> [Task requirements] The answer must consist solely of the lines from the line with "Đồ bơi bé gái" to the end of the data below, transcribed exactly and with no pictures.

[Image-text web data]
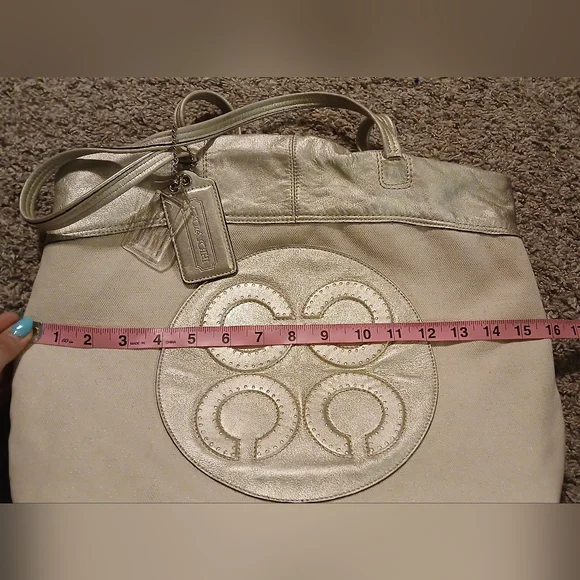 Coach Julia Perry Op Art Tote Ivory Shimmer Canvas Metallic Leather Bag EUC Rare - Picture 12 of 14
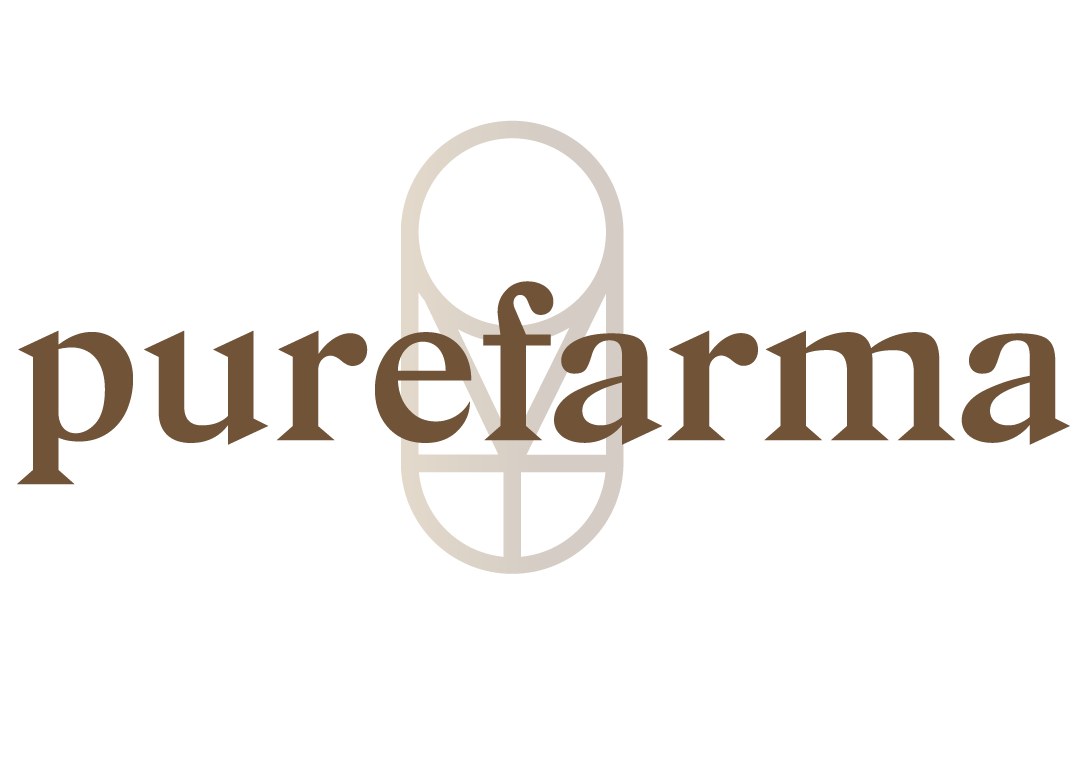 A logo for Pure Formula featuring a stylized capsule with a cross and compass design in the center, all in brown.
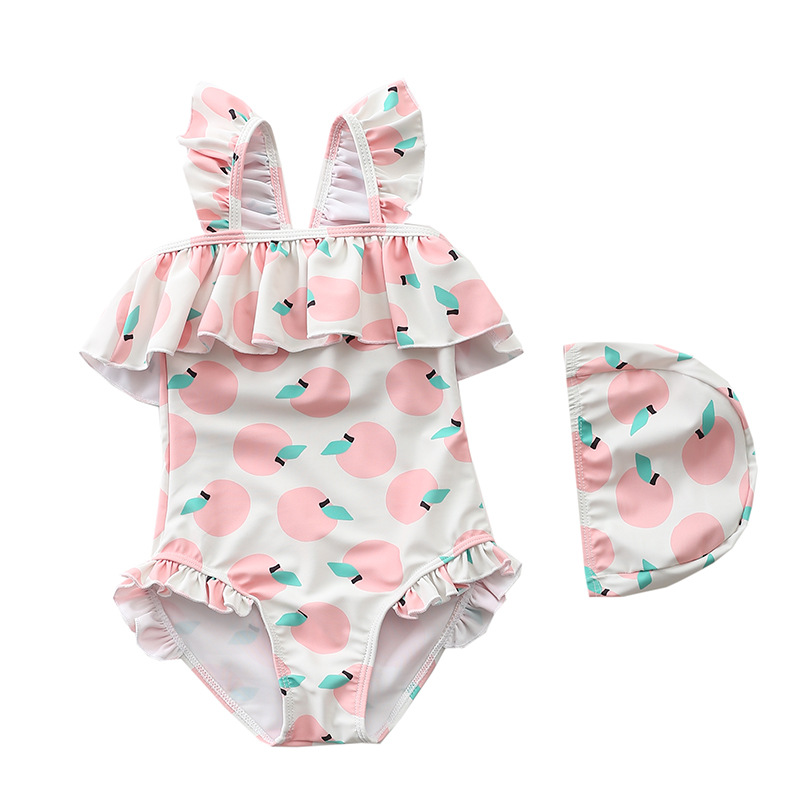 Đồ bơi bé gái Bikini 2 dây bao gồm nón Yibaidu 1021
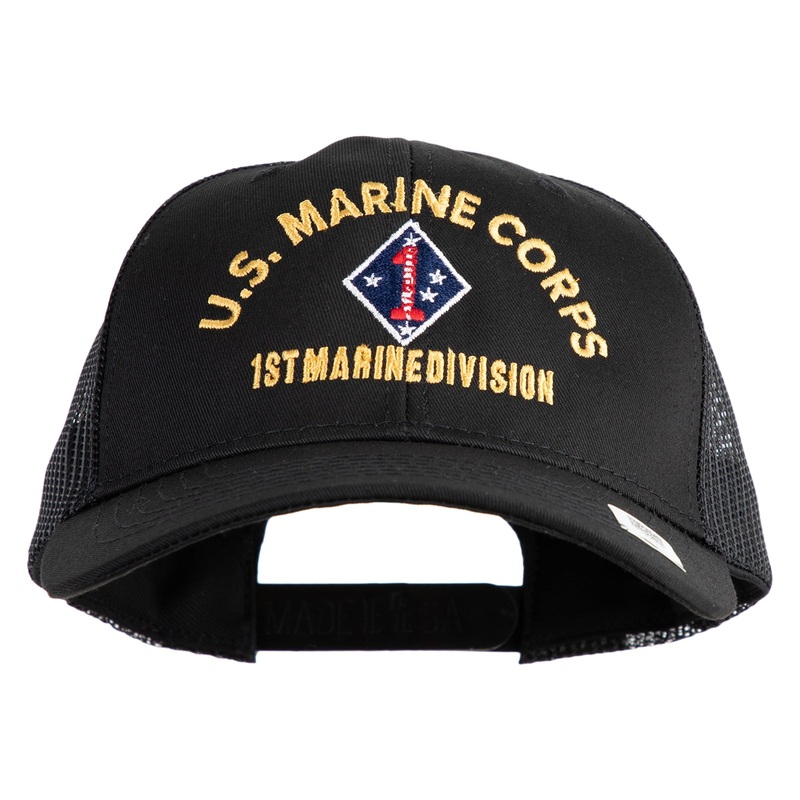 U.S. Marine Corps 1st Marine Division Embroidered 6 Panel Structured Cotton Twill Mesh Cap Made in USA Black One Size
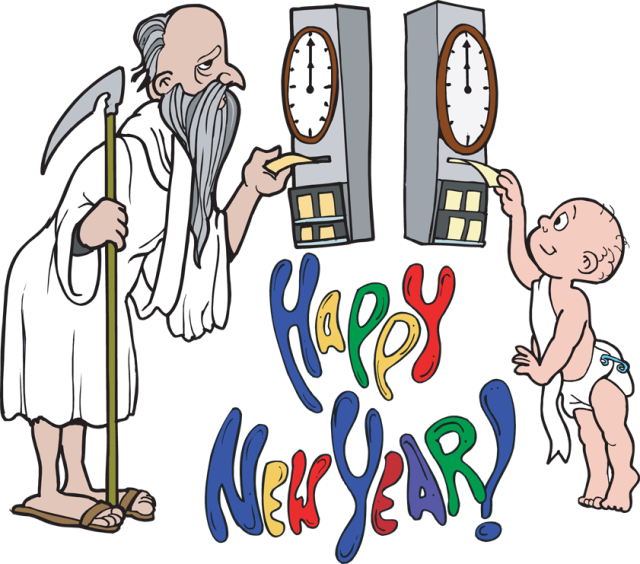 Father Time And Baby New Year Clipart.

> [Written reply]
 Đồ bơi bé gái Bikini 2 dây bao gồm nón Yibaidu 1021
 U.S. Marine Corps 1st Marine Division Embroidered 6 Panel Structured Cotton Twill Mesh Cap Made in USA Black One Size
 Father Time And Baby New Year Clipart.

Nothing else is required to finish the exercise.